For most C programs, manual memory management with malloc/free remains the standard approach. Garbage collection is more commonly used in higher-level languages like Java, Python, or Go, where the benefits of automatic memory management often outweigh the costs.
The main motivation for creating a garbage collector is to simplify memory management in C programs. C is a powerful language, but it requires manual memory management, which can lead to issues like memory leaks, dangling pointers, and double frees.
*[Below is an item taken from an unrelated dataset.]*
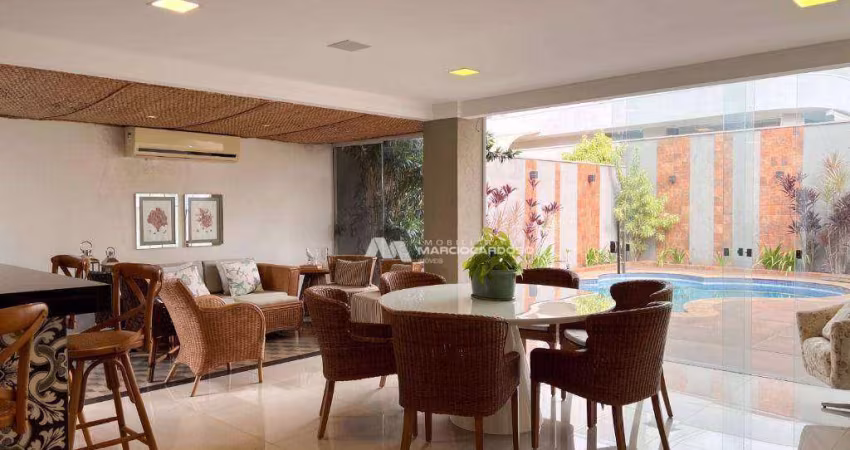 Casa com 4 dormitórios à venda, 309 m² por R$ 2.900.000,00 - Damha V - São José do Rio Preto/SP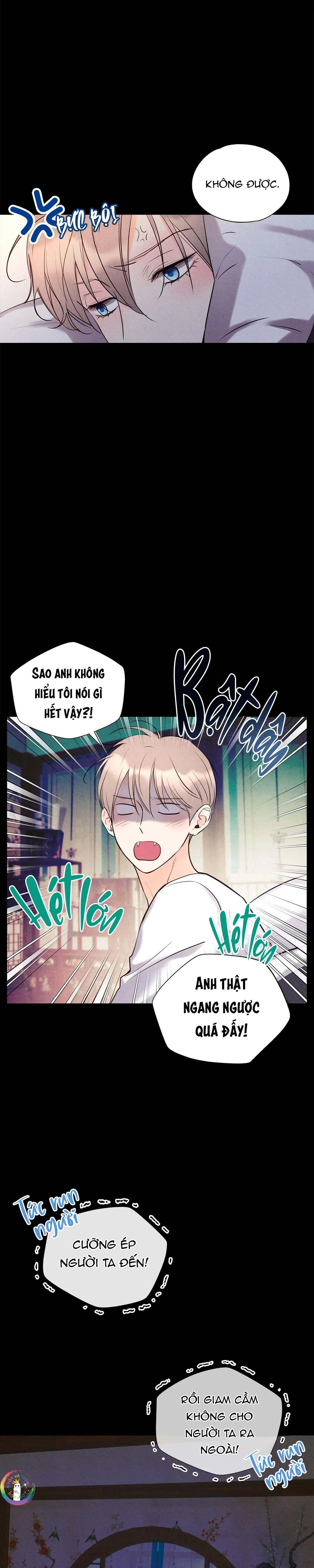 Ác Nhân Đàm Chapter 17 Trang 14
These problems can be difficult to debug and can cause program crashes or unpredictable behavior.
While not suitable for production use, this project serves as an excellent learning tool for understanding garbage collection concepts and how they can be implemented in a low-level language like C.
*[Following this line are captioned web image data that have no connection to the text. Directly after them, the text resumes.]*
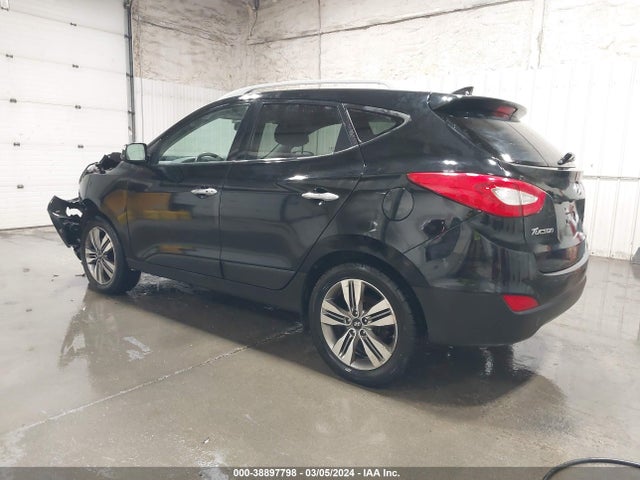 Hyundai Tucson Limited 2015 KM8JUCAG9FU016832 Image 3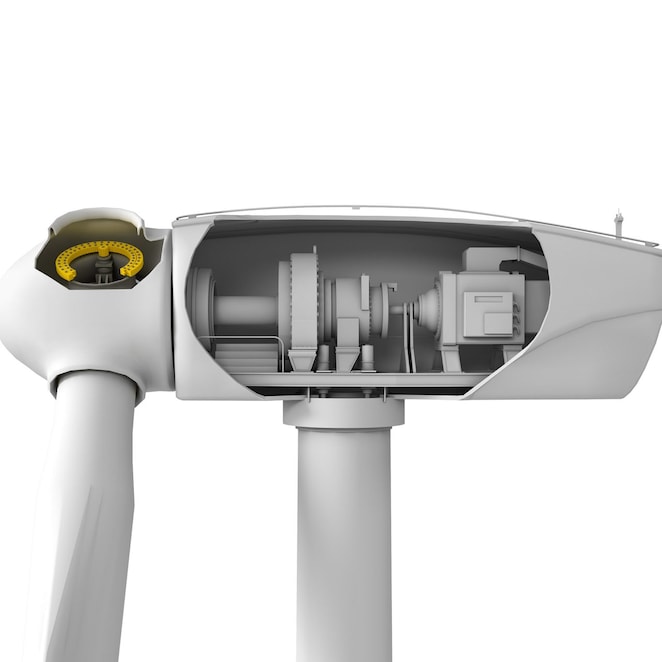 Wind turbine model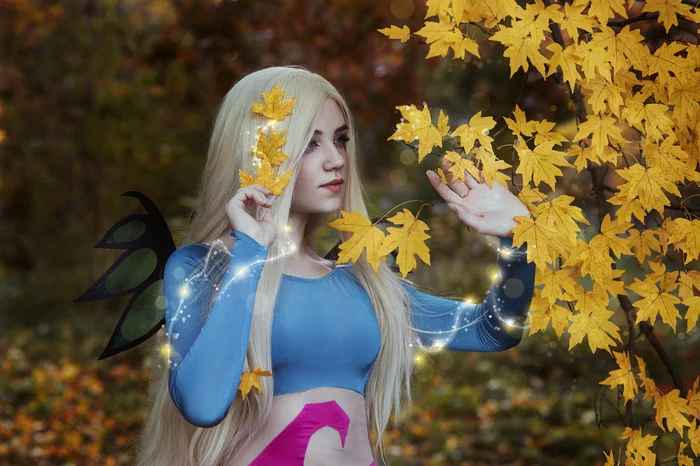 Косплей Корнелии Хейл, Чародейки | Cornelia Cosplay W.I.T.C.H. - Моё, Косплей, Фэнтези, Корнелия Хейл, Длиннопост, Чародейки (мультсериал)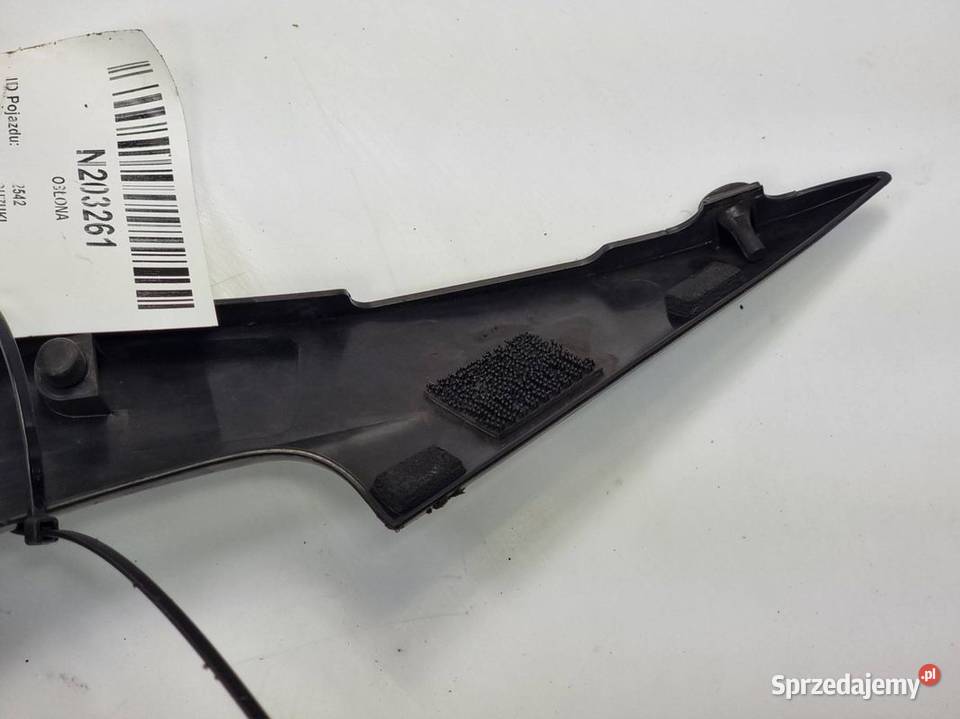 OSŁONA SUZUKI GSR 600 BOK OWIEWKI REZERWACJA Lipno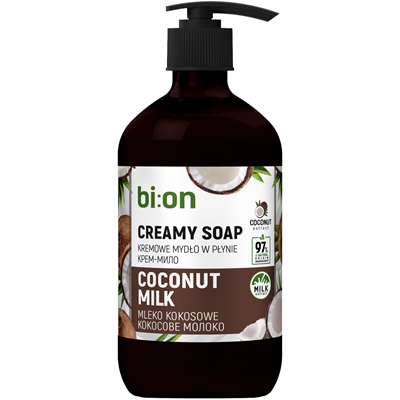 Geluri de dus - Gel de Dus cu Lapte de Cocos, 473 ml, Bio Naturell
The implementation is intentionally kept simple to make it easy to understand and modify. This makes it a good starting point for further experimentation or for educational purposes.
The project uses a simple yet effective garbage collection algorithm. It works in two phases:
- Mark: Starting from known root objects (those on the stack), it traverses and marks all reachable objects.
- Sweep: It then goes through all objects in the heap, freeing those that weren't marked.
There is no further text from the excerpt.